Nov. 15 (UPI) -- Ever since the earliest humans left Africa, the human story has been one of movement.
"Humans are global travelers, we've left home and moved onward for as long as humans have been on the planet," Keith Prufer, professor of anthropology at the University of New Mexico, told UPI.
Now, scientists have a better understanding of how humans moved into South America. New genomic research has revealed two previously unknown human migrations from North to South America, which means South America was peopled by at least four distinct migrations.
"The first one links the oldest individuals from Chile, Brazil and Belize dated between 11,000 and 9,000 years to the oldest individual from [United States], associated to the so-called Clovis culture once largely widespread in North America," Cosimo Posth, researcher at the Max Planck Institute for the Science of Human History, told UPI.
The genomic survey, unprecedented in size and scope, was made possible by ancient DNA collected from 49 individuals in North and South America. One of those individuals is Anzick-1, a Paleo-Indian male infant first recovered from a Montana farm in 1968. Anzick-1 represents the only human remains linked with the Clovis culture.
By comparing the DNA of Anzick-1 with ancient individuals from South America, researchers identified a link between North America's widespread Clovis culture and an early waves of human migration into South America.
The results of the genetic analysis were published in the journal Cell.
"It was previously not known that the Clovis culture extended into South America, and it is incredible that these people were able to migrate all the way throughout North, Central, and South America," Nathan Nakatsuka, a doctoral student at Harvard University, told UPI.
The Clovis migration was followed by three separate influxes of people into various parts of South America.

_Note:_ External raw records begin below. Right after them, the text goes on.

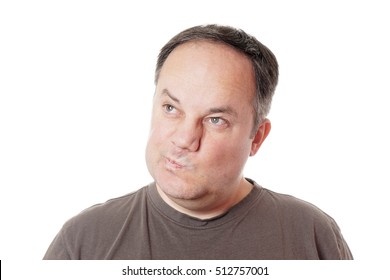 skeptical middle aged man making a face and twisting his mouth - Powered by Shutterstock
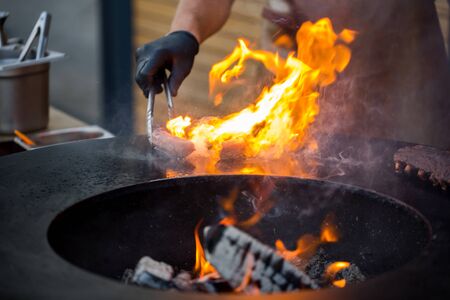 Sausage on Barbeque Smoker Grill. Hot and smoked sausage. Food Festival.の写真素材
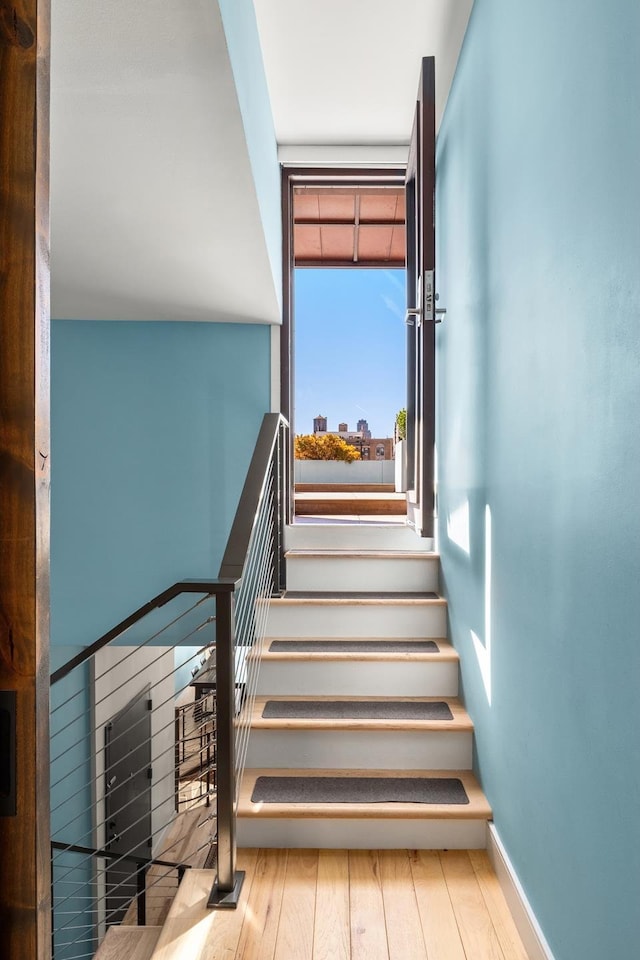157 W 78th St Unit 6/5S, New York City, NY 10024 - stairs with hardwood / wood-style flooring and baseboards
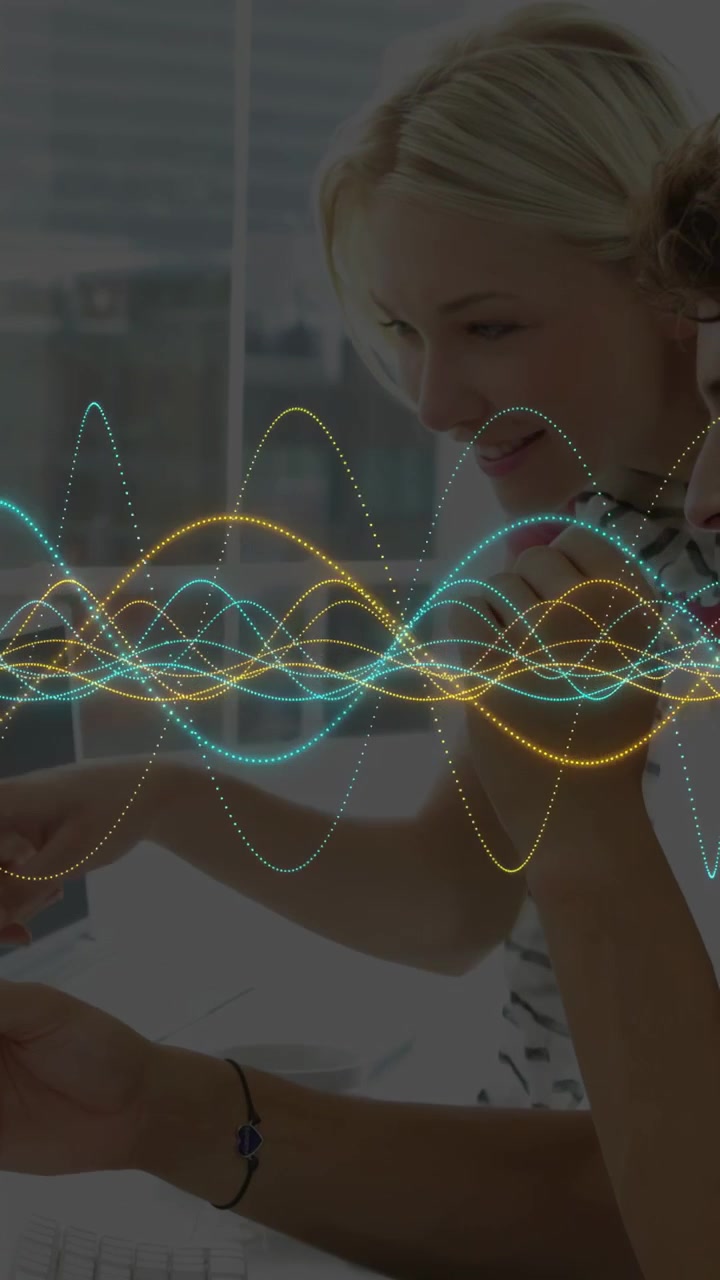 Vertical video: Mouse clicking, woman guiding peer, pointing, typing waveform crossing for business
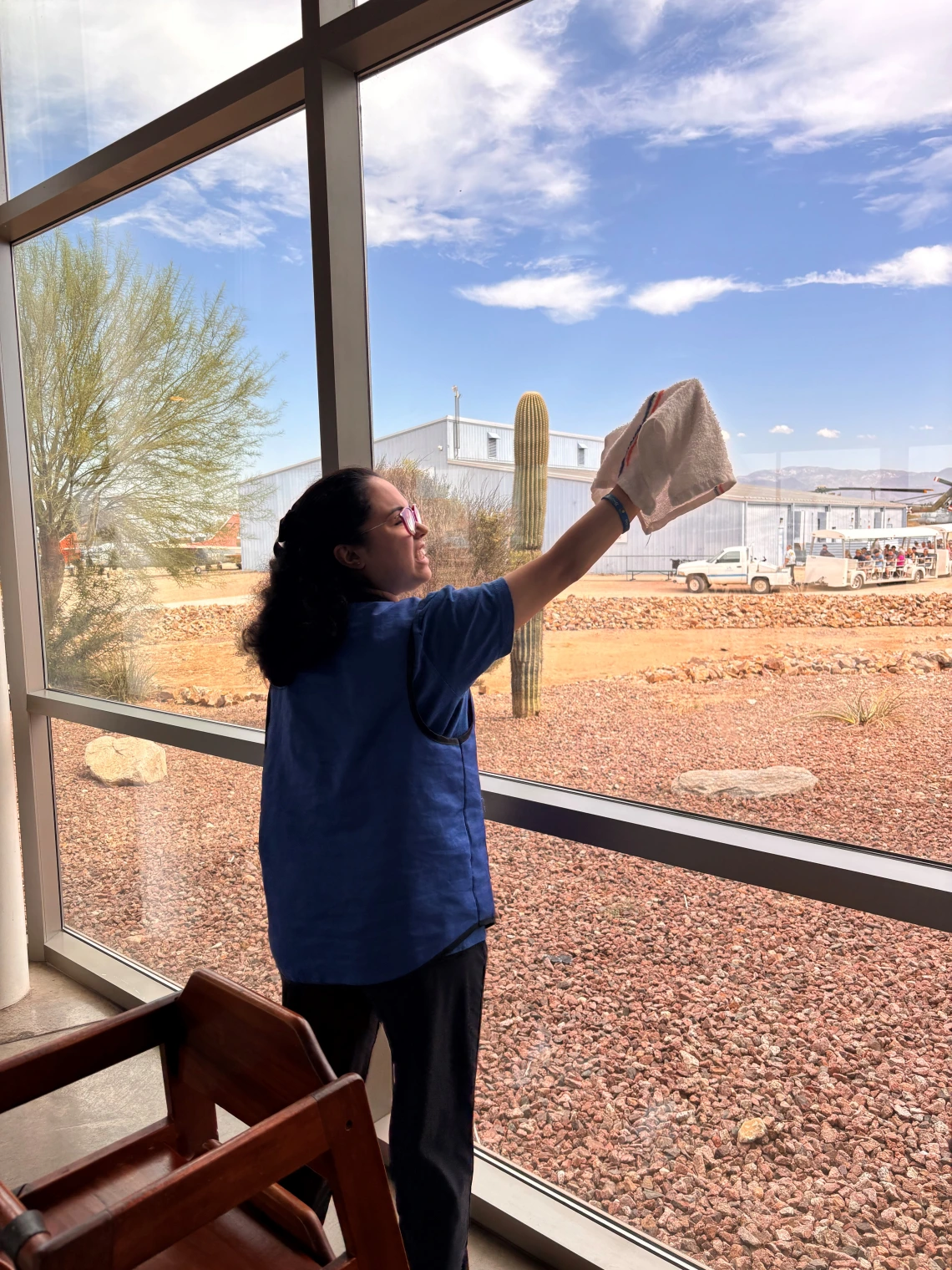 A WBLP participant smiles as she cleans the windows at the Pima Air and Space Museum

"Another migration led to the replacement of the Anzick ancestry in most South Americans. A third migration was detected in Southern Peru and northern Chile from 4,200 years ago," Nakatsuka said. "Lastly, there was the Population-Y ancestry related to Papuans and aboriginal Australians that was previously found in some modern Amazonian groups."
All four migrations can be traced to ancestors who crossed the Bering Strait Land Bridge from Asia to the Americas sometime before 15,000 years ago.
Despite these notable migration patterns, the genetic data suggests a remarkable degree of continuity among South American populations.
"Our findings provide greater clarity on the remarkable extent of the relative population continuity in many areas of South America where people up to 9,000 years ago are more closely related to indigenous people currently living in nearby regions relative to those in other regions," Nakatsuka said.
The genetic roots of many indigenous groups can be traced back to the group of migrators that replaced the Clovis culture. But why were Clovis culture groups unable to leave a longterm imprint on the modern genome?
The new research suggests Clovis people were innovative and adaptive. While Clovis people moved through Central America and into South America, bringing along their gene pool, they failed to leave behind the same archaeological signature as their relatives in North America. Researchers surmise the groups adopted new technologies.
"The early Clovis culture migrators likely took their tools with them as they traveled, but as they moved through and into new environments, they would have to adapt those tools and develop new technologies to suit their new environment," Prufer said.
This adaptability wasn't enough to ensure longterm success. Some 9,000 years ago, only a couple thousand years after they arrived, these early Clovis culture groups were replaced by a second group of migrators.
"We have no idea why one of those branches disappeared while the other left in multiple South American regions a genetic impact until today," Posth said.
Like most genomic research, each revelation yields a more complex story of human history. Scientists still need more genetic data to answer new questions about how new groups of migrators interacted with those that came before.
With more digging and cooperation with native peoples in North and South America, researchers hope to answer those questions and inspire new ones.
"We're optimistic that we have identified good locations to look for ancient DNA and will continue build on the story of human migration with new genetic data," Prufer said.